Import two related datasets from TidyTuesday Project.
movies <- readr::read_csv('https://raw.githubusercontent.com/rfordatascience/tidytuesday/main/data/2025/2025-07-29/movies.csv')
## Rows: 36121 Columns: 8
## ── Column specification ────────────────────────────────────────────────────────
## Delimiter: ","
## chr (5): source, report, title, available_globally, runtime
## dbl (2): hours_viewed, views
## date (1): release_date
##
## ℹ Use `spec()` to retrieve the full column specification for this data.
## ℹ Specify the column types or set `show_col_types = FALSE` to quiet this message.

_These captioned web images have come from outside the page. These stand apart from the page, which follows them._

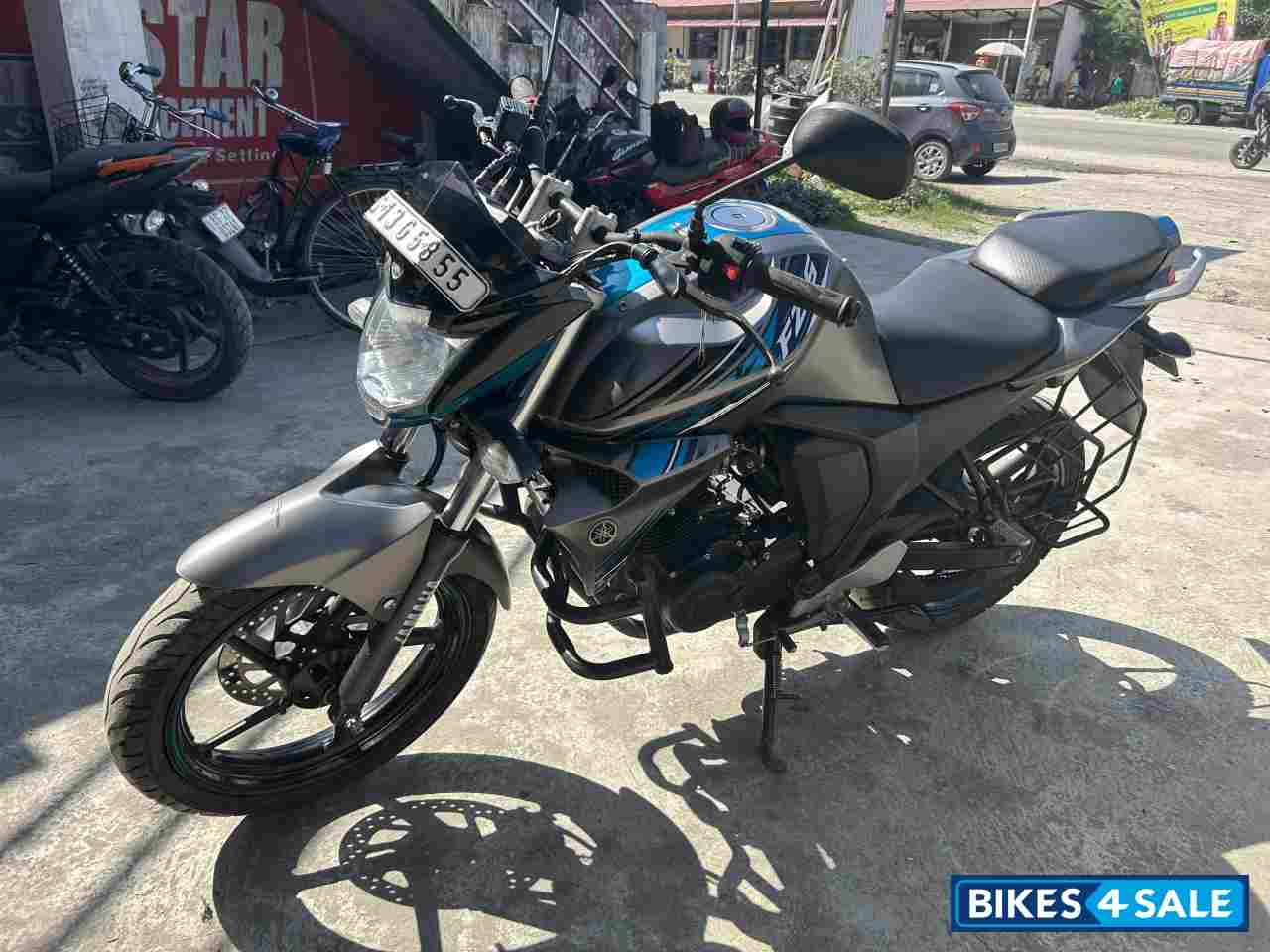 H Grey Yamaha FZ-S FI V2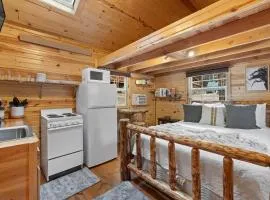 Cedar Hollow Cabin- Cozy Black Hills Getaway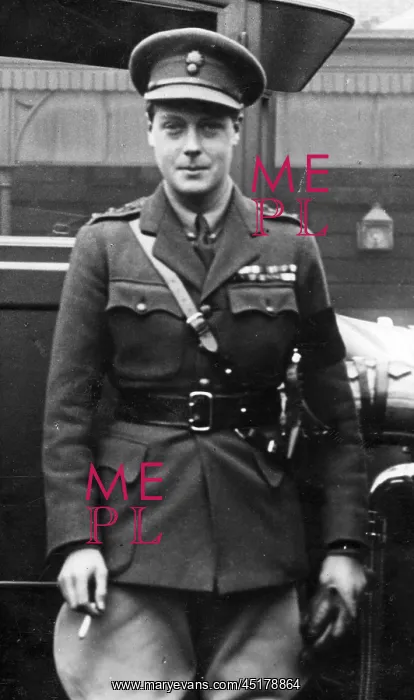: Edward VIII in military uniform : Edward VIII in military uniform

shows <- readr::read_csv('https://raw.githubusercontent.com/rfordatascience/tidytuesday/main/data/2025/2025-07-29/shows.csv')
## Rows: 27803 Columns: 8
## ── Column specification ────────────────────────────────────────────────────────
## Delimiter: ","
## chr (5): source, report, title, available_globally, runtime
## dbl (2): hours_viewed, views
## date (1): release_date
##
## ℹ Use `spec()` to retrieve the full column specification for this data.
## ℹ Specify the column types or set `show_col_types = FALSE` to quiet this message.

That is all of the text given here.